The new regulation requires any virtual asset service provider (VASP) operating in the nation to notify the FSMA of their operations by July 1 and apply for registration by September 1.
The legislation will apply to organizations that provide custodial wallets and cryptocurrency exchange services, as well as crypto enterprises who want to start operations in the European country.
According to the declaration, VASPs who wish to operate in the nation must have a corporate structure and a minimum capital of €50,000 (roughly $52,718).
The entity must also establish an administrative office in Belgium and contribute to the FSMA’s operational costs in order to be regulated. The new requirements are comparable to those enacted by the New York Department of Financial Services (NYDFS).
The agency also noted that it may request further information before reaching a final judgment, which may take up to three months.
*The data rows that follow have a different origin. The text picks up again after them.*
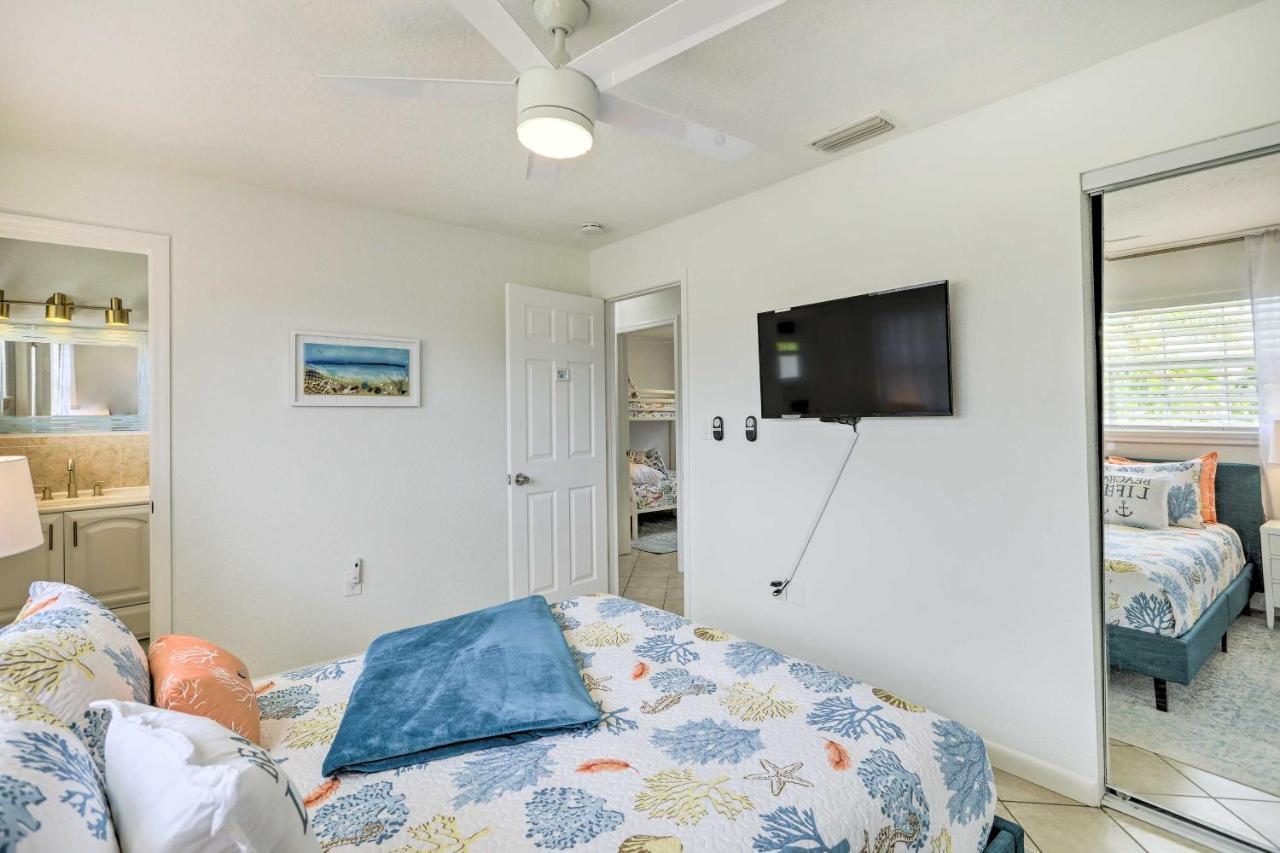 Merritt Island Home Fire Pit And Canal Access! Buitenkant foto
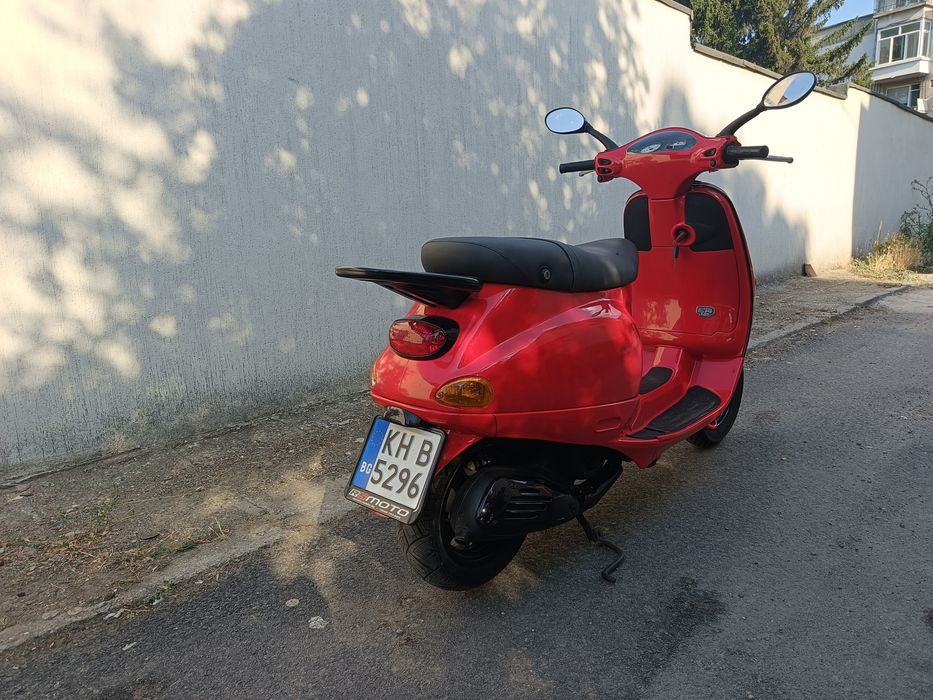 Vespa et4 125 cc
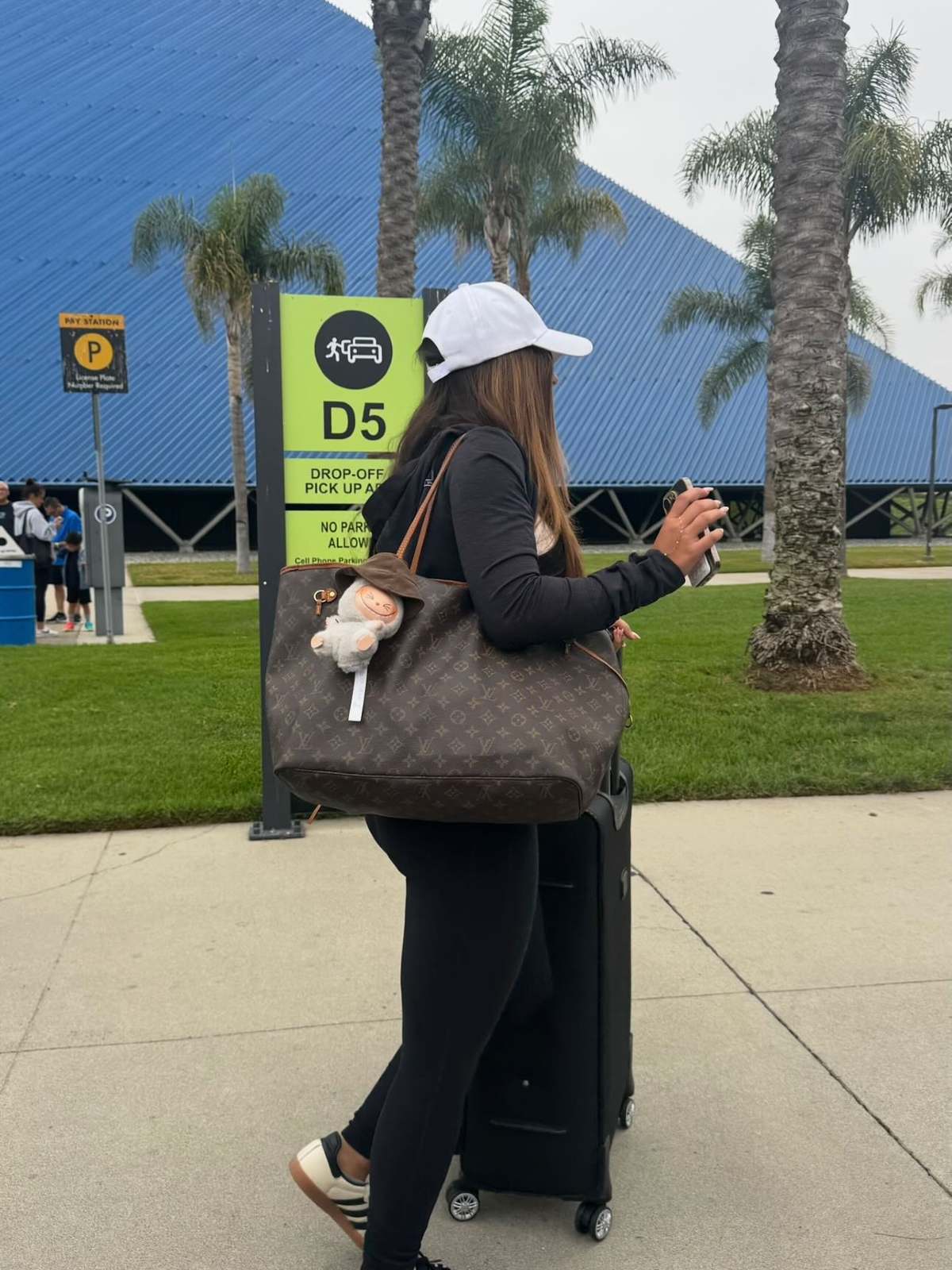 Η κόρη της Ελένης Πετρουλάκη, Μίλα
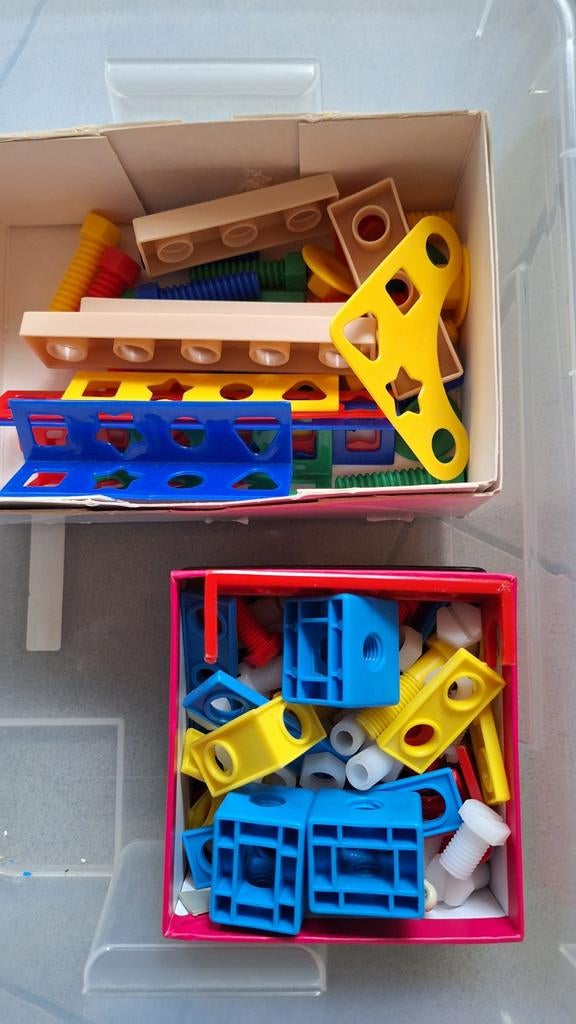 Constructor speelgoed, Enlèvement, Utilisé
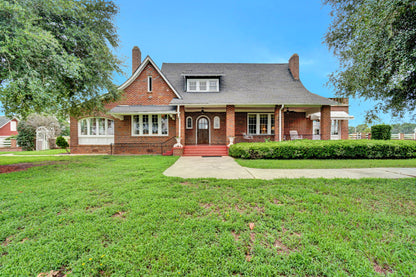 Main House Photos & Description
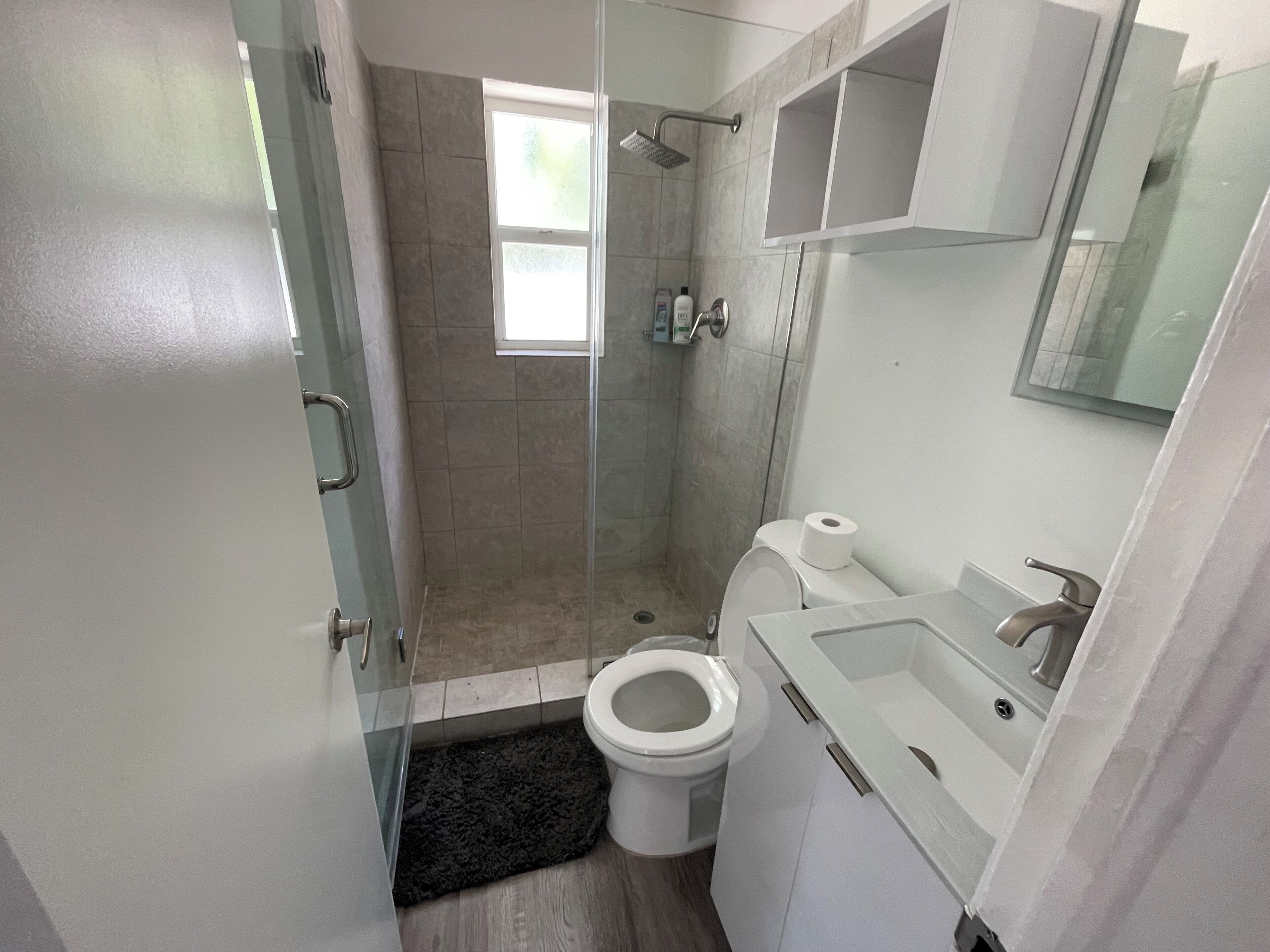 Traditional Studio | Bathroom | Hair dryer, towels, soap, shampoo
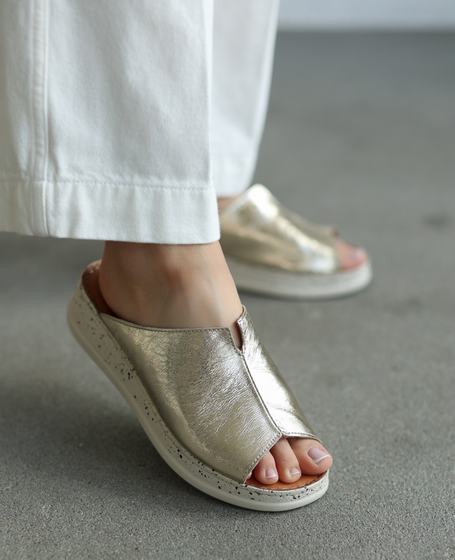 Udelira Women's Leather Gold Flip-Flops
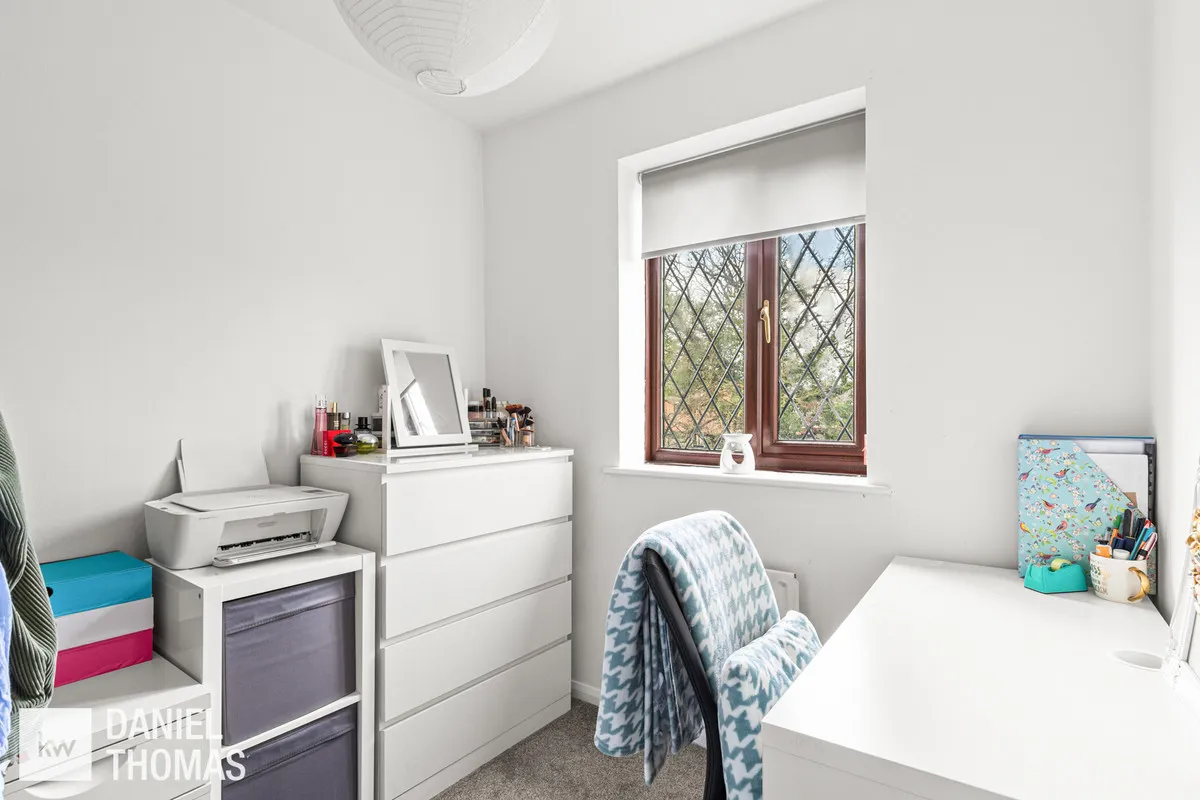 Lamplighters Close, Waltham Abbey, EN9, photo 11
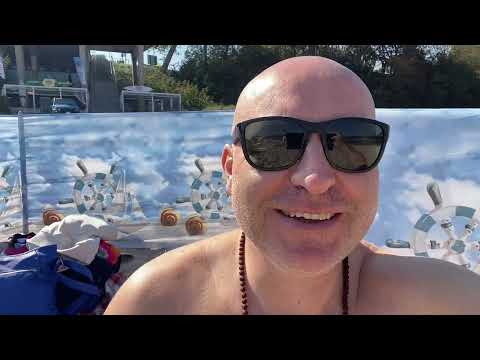 Rewal/Trzęsacz 🌊 🏖️, by Tom Ji #travelvlog #travel #poland #rewal #trzesacz #karmayoga #yoga #sea 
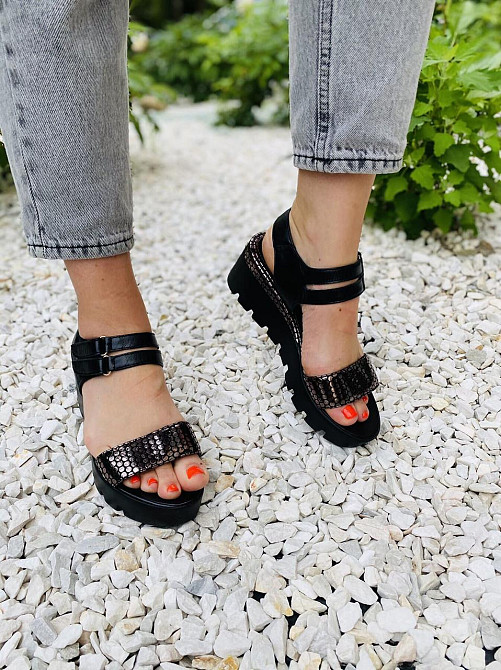 Olli Босоніжки жіночі чорні + квасоля OLLI 3-56274 літні / Шкіряні босоніжки на танкетці 37-39 Коломыя - изображение 6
Belgium is one of the nations that supports cryptocurrency. Christophe De Beukelaer, a member of Dutch parliament, just became the first politician in Europe to convert his whole salary into cryptocurrency.
De Beukelaer explained his choice as:
We can no longer remain in the dark about this new reality. As automobiles and light bulbs come, it’s like holding to the carriage or the candle.
Several governments are paying greater attention to cryptocurrency rules, with some even starting work on regulating the industry. Authorities throughout the globe have faced new hurdles in regulating the crypto industry and protecting consumers from threats as it has grown.
Crypto laws and licenses are expanding in parallel with global popularity. Authorities in the United Kingdom and Brazil, for example, are requiring crypto service providers to register with them in order to better safeguard crypto investors.